After the day’s picketing ended, there was an informal meeting at the strike HQ where people discussed yesterday’s meeting, the prospects for escalation, and other general matters of concern. People are divided on all sorts of questions, but a couple stand out in particular. First, there is a disagreement between those who think escalation is necessary and desirable (either to secure a deal better than yesterday’s proposal, or even to secure the proposal itself) and others who are either personally unwilling to escalate or who think it would be counter-productive as a consequence of causing more inconvenience to other members of the university community.

People were also quite confused about the proposal from yesterday: particularly about whether it represents our new official bargaining position or whether it represents the absolute minimum the membership is willing to accept.

With no pickets on Sundays, I get a “break” tomorrow to work on coordinating the brief. Monday, I will out on the picket lines once more.

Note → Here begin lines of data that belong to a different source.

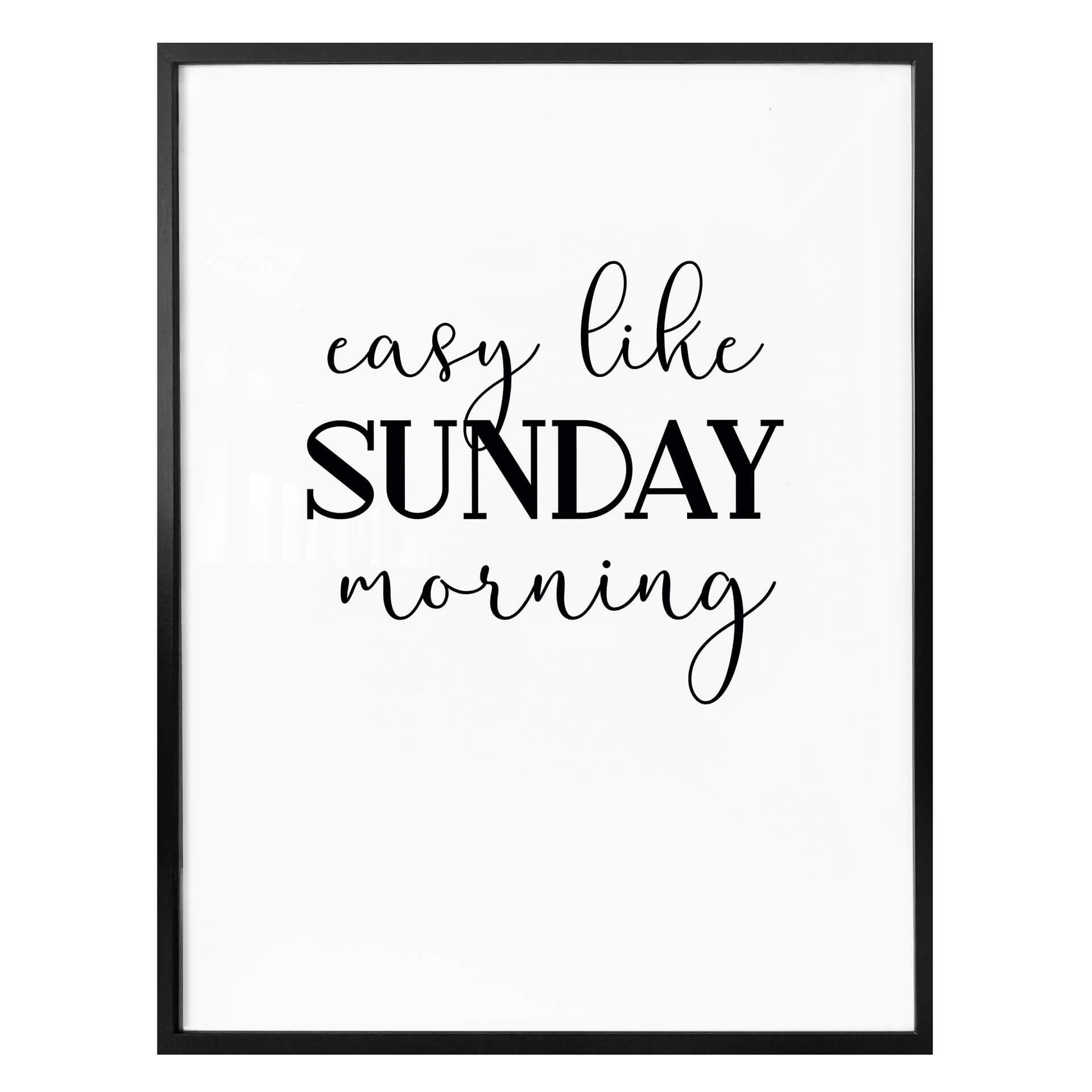 Plakat - Easy like Sunday morning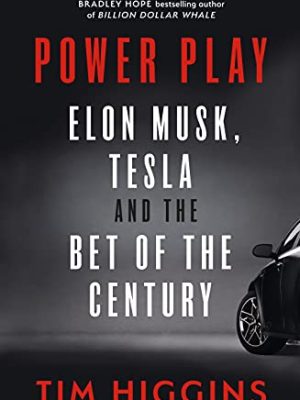 Power Play Tesla, Elon Musk, And The Bet Of The Century Tpb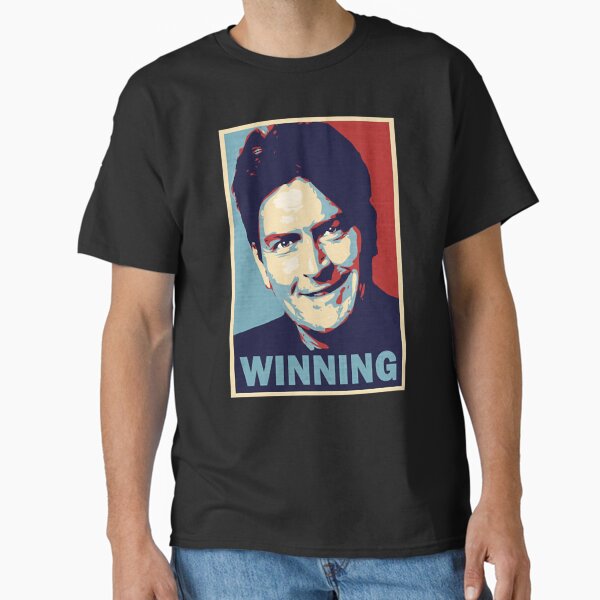 "Winning, by Charlie Sheen" Classic T-Shirt for Sale by Celensdytivhtu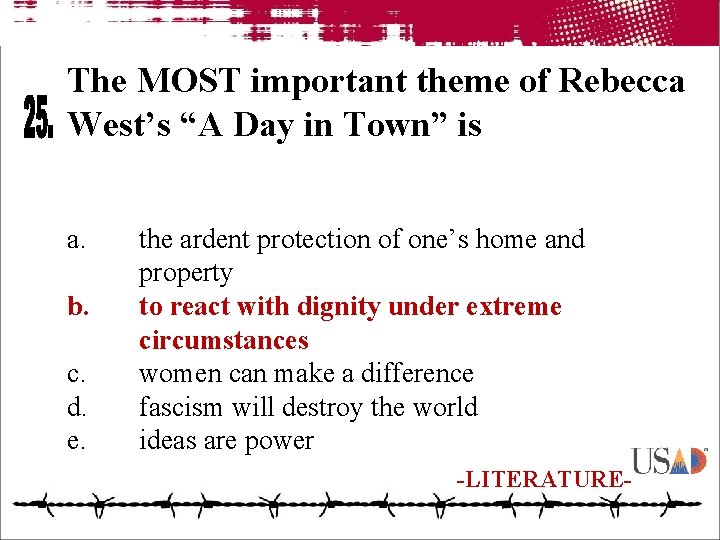 The MOST important theme of Rebecca West’s “A Day in Town” is a. b.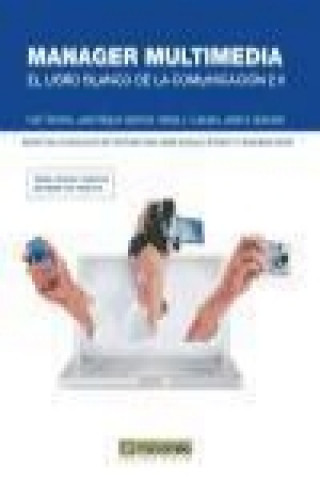 Книга Manager multimedia : el libro blanco de la comunicación 2.0 Iván . . . [et al. ] Tenorio Santos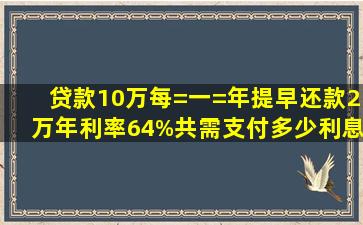 贷款10万每=一=年提早还款2万年利率64%共需支付多少利息如何计算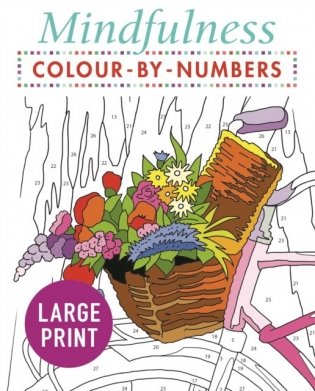 Mindfulness Colour-By-Numbers Large Print фото книги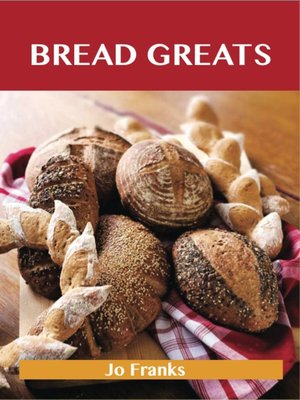 cover image of Bread Greats: Delicious Bread Recipes, The Top 92 Bread Recipes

This afternoon, the members of CUPE 3902 met to discuss a possible bargaining position.

The union’s bargaining team had worked out a way to reorganize the offer last made by the university, the rejection of which began the strike. As re-organized, the deal would raise the funding package from $15,000 to $17,500. It would also halve tuition for Phd students in their fifth and sixth years, regardless of whether they are domestic or international students.

The big gain – if the university accepts this proposal – is getting tuition and the funding package explicitly incorporated into the collective agreement, opening them as topics of negotiation in all further bargaining.

The meeting was scheduled from 3:30pm to 6:30, with a strict end time. Most of the meeting was taken up with the bargaining team and strike team presenting this potential deal and then answering questions on it. In the last half hour, a motion to approve the deal and have the bargaining team present it to the university was hastily debated.

The final vote at 6:36 went 280 in favour, 251 opposed. I voted against it, as I don’t see it as an adequate response to the problems faced by TAs at U of T, and I think we could have pushed successfully for something better. (At the same time, I recognize that getting something better might have required more dedication than CUPE 3902 members collectively possess.)

Regardless of the merits and drawbacks of the deal, I don’t think too highly of this decision-making process. People had to consider a deal which they hadn’t seen before the meeting, an inadequate amount of time was allowed for debate, and the system where any whoever happens to be at the microphone when the appropriate part of the meeting begins produces the motion that then becomes the main subject for debate and voting has potentially very random results.

We will see how the administration replies to the offer. In one sense, they may see it as a cheap way of ending the strike. After all, the union is mostly proposing to shift the precise way in which previously-offered funds will be spent. Alternatively, the administration may be wary of incorporating tuition and the funding package into the collective agreement, and so resist accepting this deal.

Regardless, I have my last picket duty of this week tomorrow. Then, I can turn my attention to trying to organize and execute the completion of the brief update and my PhD proposal.